To determine which student's solution is accurate, we need to analyze the steps taken by both Jamal and George in solving the quadratic equation \(x^2 + 4x - 5 = 7\).
First, we should rewrite George's equation \(x^2 + 4x - 5 = 7\) in standard form:
- Subtract 7 from both sides: \[ x^2 + 4x - 5 - 7 = 0 \implies x^2 + 4x - 12 = 0 \]
Now we can evaluate both students based on the original equation:
1. Jamal's Solution:
- Jamal correctly rewrote the equation as \(x^2 + 4x - 12 = 0\).
- He factored it correctly into \((x + 6)(x - 2) = 0\).
- Jamal then set each factor equal to zero:
- \(x + 6 = 0 \implies x = -6\)
- \(x - 2 = 0 \implies x = 2\)
Therefore, Jamal has correctly applied the Zero Product Property after moving all terms to one side.
2. George's Solution:
- George started with the equation \(x^2 + 4x - 5 = 7\) but did not bring it to the correct standard form \(x^2 + 4x - 12 = 0\).
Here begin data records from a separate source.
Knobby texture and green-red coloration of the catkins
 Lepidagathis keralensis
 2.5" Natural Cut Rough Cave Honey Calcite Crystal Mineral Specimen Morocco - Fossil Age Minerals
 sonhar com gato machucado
He incorrectly wrote it as \((x + 5)(x - 1) = 7\), which is not the correct factorization of the standard form.
- Because he did not solve the equation correctly, applying the Zero Product Property to his incorrect factors leads to erroneous solutions: \(x = -5\) and \(x = 1\).
Conclusion: Jamal's solution is accurate because he properly transformed the equation into standard form \(x^2 + 4x - 12 = 0\) and factored it correctly. In contrast, George's solution is inaccurate because he did not correctly rearrange the equation before factoring, resulting in an incorrect application of the Zero Product Property. This analysis demonstrates that Jamal’s approach and final solutions of \(x = -6\) and \(x = 2\) are valid, while George’s conclusions are based on an incorrect factorization and thus are invalid.